For nearly a decade of her 30-year writing career, White Plains resident Carol Sterbenz had an ambitious goal in mind. A prolific and accomplished author on crafts, Sterbenz wanted to pen a detailed and exhaustive book on the subject, a how-to guide and history of the most prominent crafting practices rolled into one.
“I think in 1998, I started understanding that there was this universe of information that wasn’t in one volume anywhere,” said Sterbenz, 67. “I created a book proposal. I created table of contents. And the project was very expensive.”
Sterbenz was trying to figure out a realistic way to bring her project to fruition when in 2006 she received a phone call from Alexis Gargagliano, an editor at Scribner, a division of Simon & Schuster. Gargagliano, who had never worked with or even met Sterbenz, had an idea for a project – a comprehensive book on crafting.
“It was clear we were looking at sort of the same project from different perspectives,” Sterbenz recalls. “I realized I was in this conversation about this book that I had always imagined and loved, and it suddenly had a heartbeat.”
From that point, “Homemade: The Heart and Science of Handcrafts” took five years to write and on Oct. 18 finally hit stores. The nearly 800-page book has chapters on beading, floral arts, paper crafts, hand printing, decoupage, decorative embellishing and children’s arts and crafts. Each chapter contains a memoir from Sterbenz, a history on the particular technique and up to a dozen projects, with the difficulty escalating as each chapter goes on.
“This thorough, inviting, and lucidly written book deserves a place on a shelf in every home,” Cheryl Mendelson, a crafts author herself, wrote in an Amazon.com editorial review. “What makes this book special is its highly knowledgeable update of tradition through contemporary materials and techniques by someone full of ingenuity, who really knows her stuff and has plenty of exciting ideas for projects.”
In a sense, Sterbenz says her entire life has been preparing her to write Homemade. A retired elementary and middle school teacher and the daughter of a German carpenter, Sterbenz’s affinity for crafts goes back to her youth.
“My family believed that we should know how to cultivate a garden, how to embroider, that there were home arts that were very important,” she said. “We were curtailed in terms of TV so handwork was very important.”
Her career in publishing began in the 1970s, when she started submitting her designs to a magazine. Immediately, she was encouraged by the feedback she received.
“I got covers, I got assignments every month,” she said. “It appeared that I had something to offer the reading public. So I started my first book.”

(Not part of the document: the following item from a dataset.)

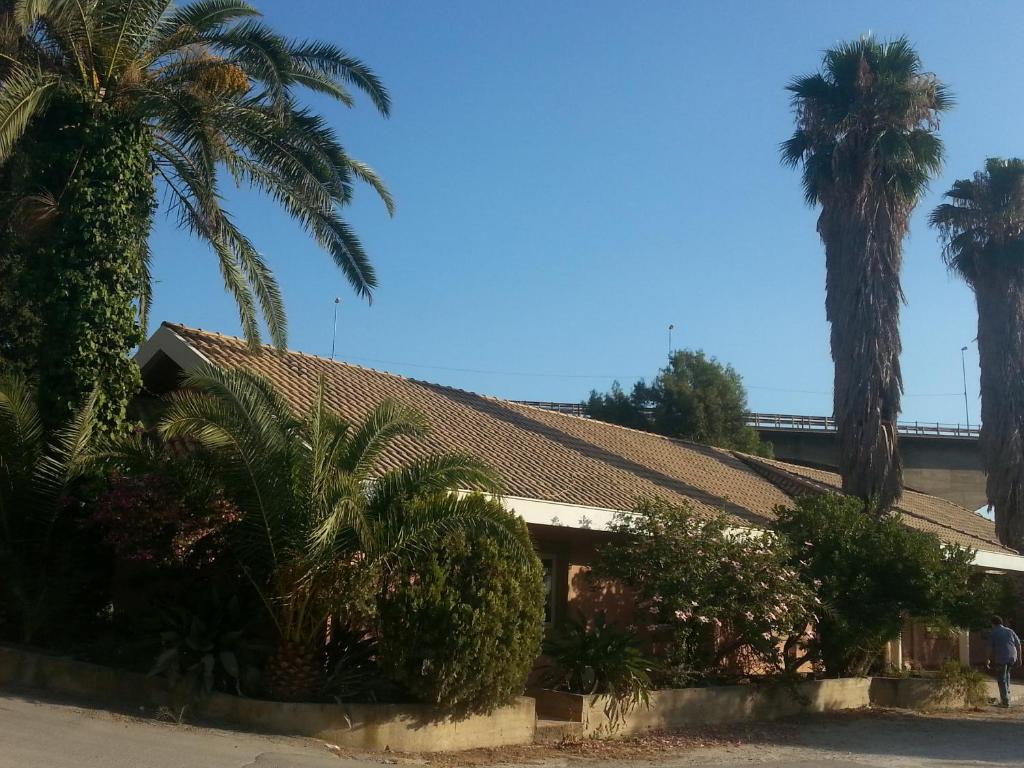 L'Albero photo 3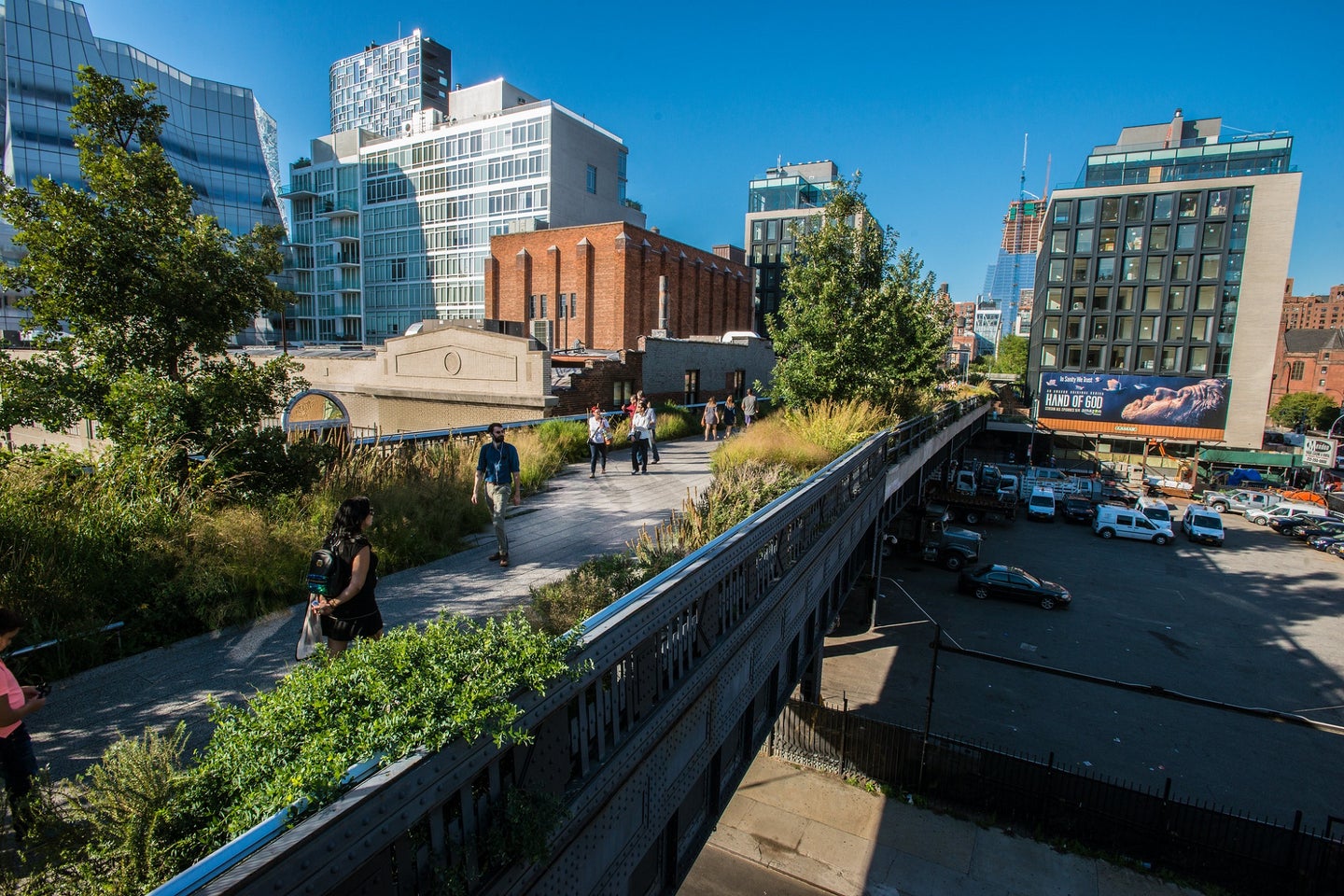 High Line elevated walkway and forest in Manhattan, New York City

Published in 1980, the book focused on one very specific subject: gnomes. Titled “The Gnomes Book of Christmas Crafts,” it featured everything from how to decorate a Christmas tree the way a gnome might to designs for a gingerbread house. In her writing, she looked to give people guidance but let them do more than follow a blueprint. She wanted to give crafters the technique to make what they wanted, but the freedom to make it their own.
“I thought the format would be fun to work in,” she said. “I think what was sort of interesting to me, and I think what has sort of borne out, is that there’s an emotional component.”
In the three decades since, Sterbenz has published 25 books and even founded a magazine, called “Handcraft Illustrated.” She hoped everything she had learned in a lifetime of crafting – both the successes and the failures – could be put to use helping her readers.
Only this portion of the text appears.